■ Work to complete ■
I would like the lines below, from the one with "For my gamers" through the one with "They have a", copied exactly and without any pictures.
+++ Dataset entries
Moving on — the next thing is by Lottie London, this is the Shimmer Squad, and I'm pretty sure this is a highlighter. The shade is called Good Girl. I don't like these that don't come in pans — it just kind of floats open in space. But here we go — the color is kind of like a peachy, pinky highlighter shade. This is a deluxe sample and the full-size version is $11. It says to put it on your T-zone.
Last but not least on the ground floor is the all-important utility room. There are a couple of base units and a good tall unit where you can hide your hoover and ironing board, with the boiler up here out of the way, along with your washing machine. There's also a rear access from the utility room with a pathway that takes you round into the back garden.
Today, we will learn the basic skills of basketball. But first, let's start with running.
++++++
+++ Dataset entries
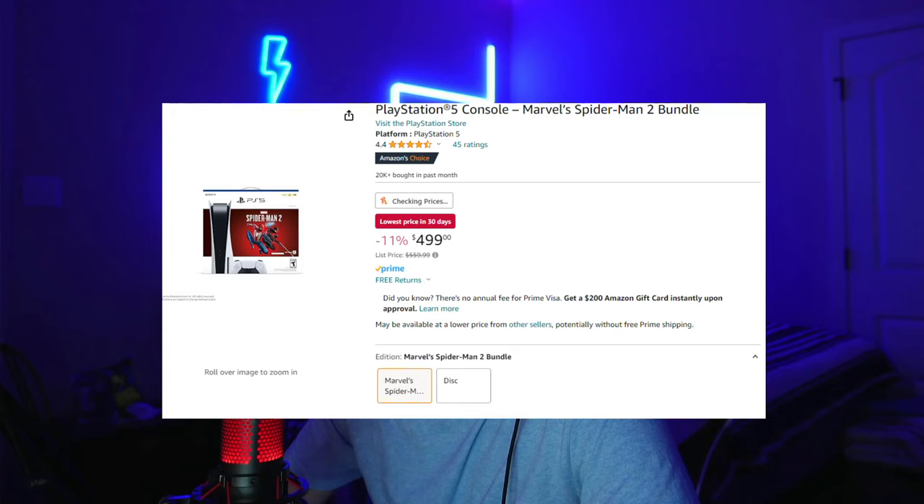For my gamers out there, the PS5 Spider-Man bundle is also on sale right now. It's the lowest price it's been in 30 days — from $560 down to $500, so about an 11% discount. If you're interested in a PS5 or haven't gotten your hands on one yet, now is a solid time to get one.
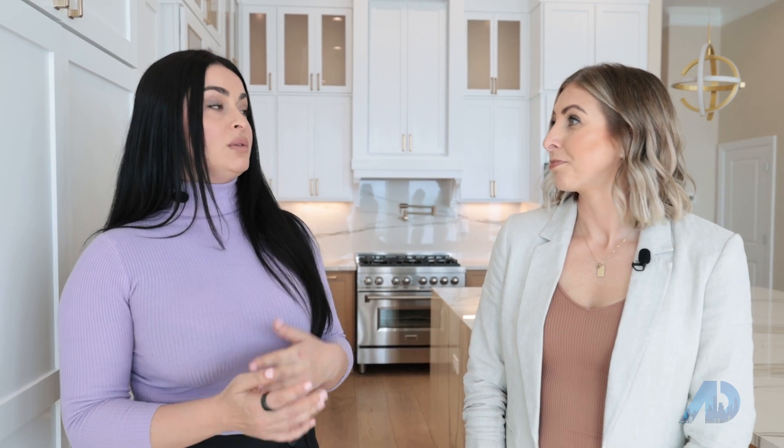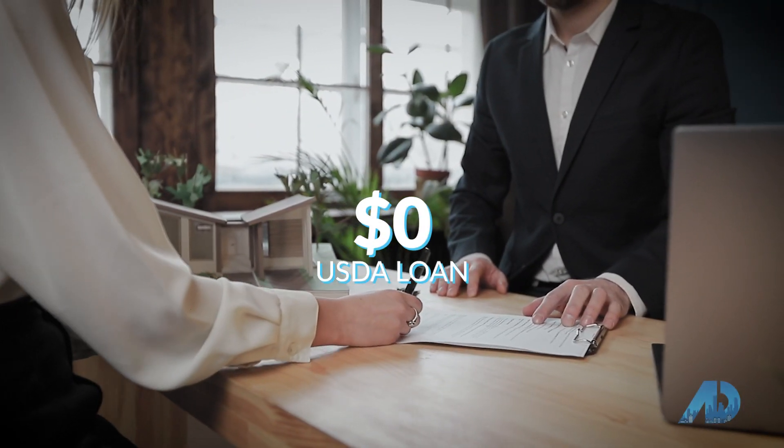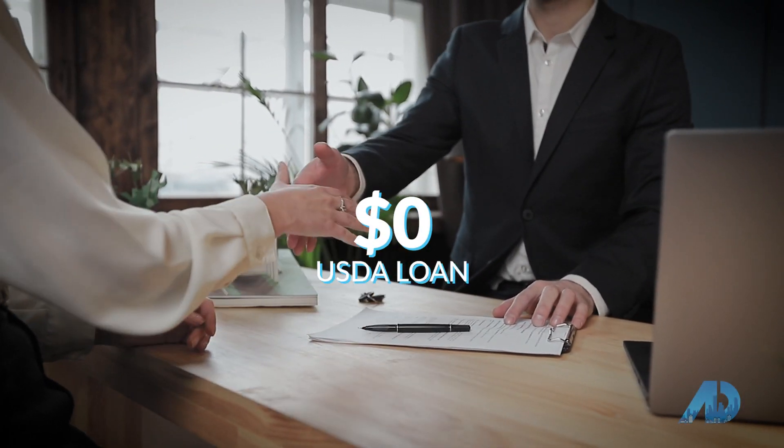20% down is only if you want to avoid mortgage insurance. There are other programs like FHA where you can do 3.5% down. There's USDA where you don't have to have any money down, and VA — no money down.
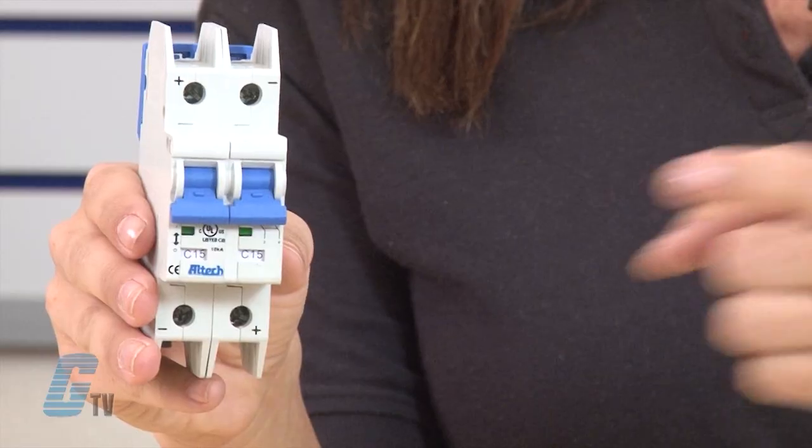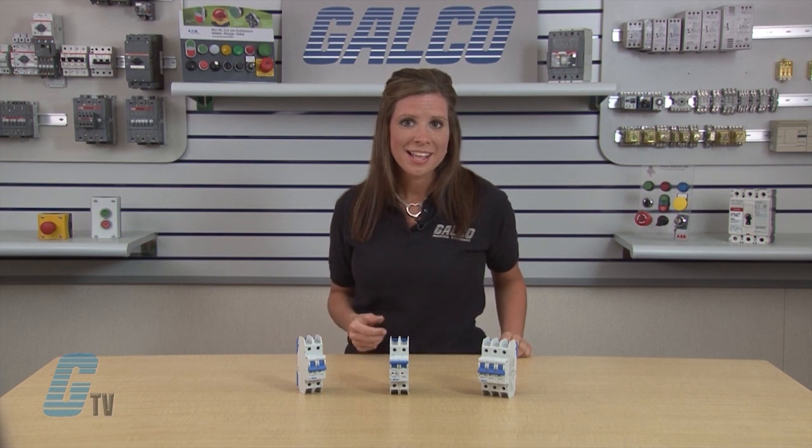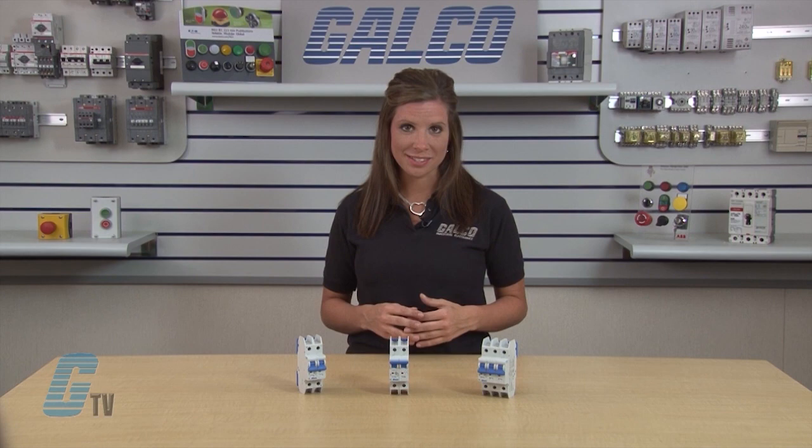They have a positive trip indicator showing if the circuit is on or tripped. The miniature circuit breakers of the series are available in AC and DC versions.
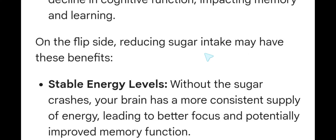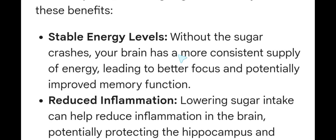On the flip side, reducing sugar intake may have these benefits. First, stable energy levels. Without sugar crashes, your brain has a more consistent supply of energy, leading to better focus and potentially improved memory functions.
++++++
■ Answer for the task ■
For my gamers out there, the PS5 Spider-Man bundle is also on sale right now. It's the lowest price it's been in 30 days — from $560 down to $500, so about an 11% discount. If you're interested in a PS5 or haven't gotten your hands on one yet, now is a solid time to get one.
20% down is only if you want to avoid mortgage insurance. There are other programs like FHA where you can do 3.5% down. There's USDA where you don't have to have any money down, and VA — no money down.
They have a positive trip indicator showing if the circuit is on or tripped. The miniature circuit breakers of the series are available in AC and DC versions.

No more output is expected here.